Input material —
────

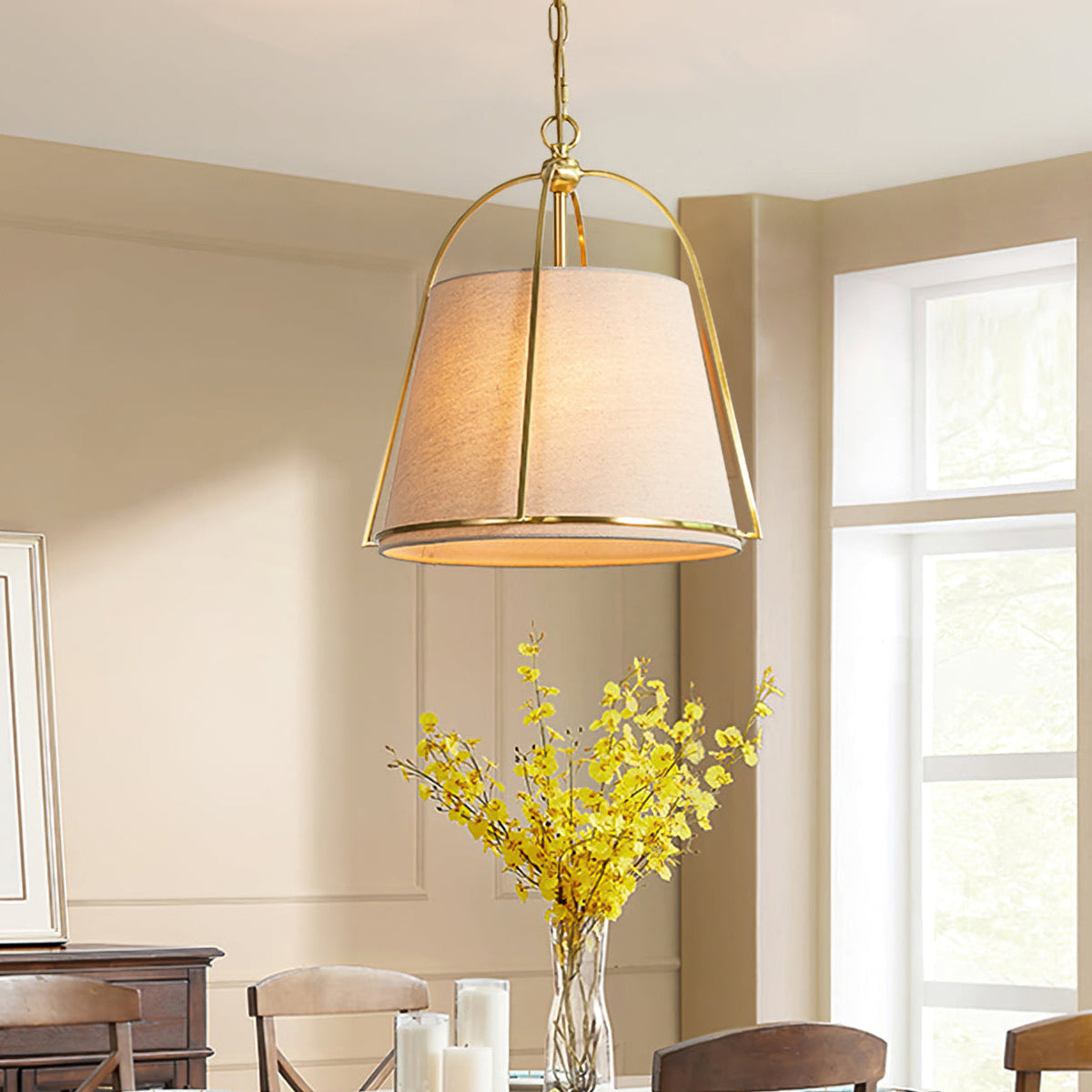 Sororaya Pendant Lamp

────

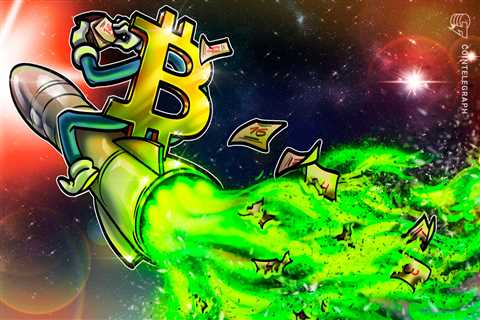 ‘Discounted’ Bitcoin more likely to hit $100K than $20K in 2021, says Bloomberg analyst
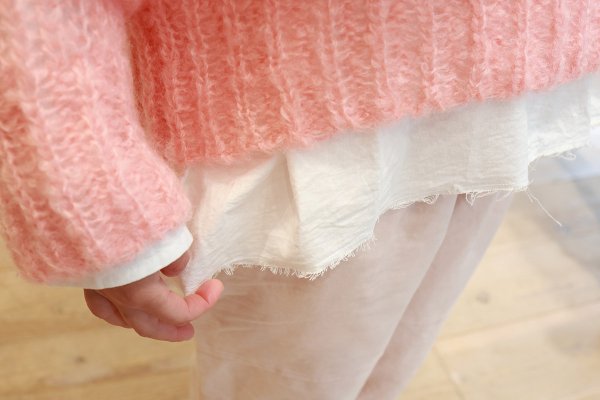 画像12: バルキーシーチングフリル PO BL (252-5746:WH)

────

Try it —
From the records above, extract the lines from the one holding "says Bloomberg analyst" through the one holding "画像12: バルキーシーチングフリル PO BL (252-5746:WH)", word for word; omit the pictures.

Completed exercise —
 ‘Discounted’ Bitcoin more likely to hit $100K than $20K in 2021, says Bloomberg analyst
 画像12: バルキーシーチングフリル PO BL (252-5746:WH)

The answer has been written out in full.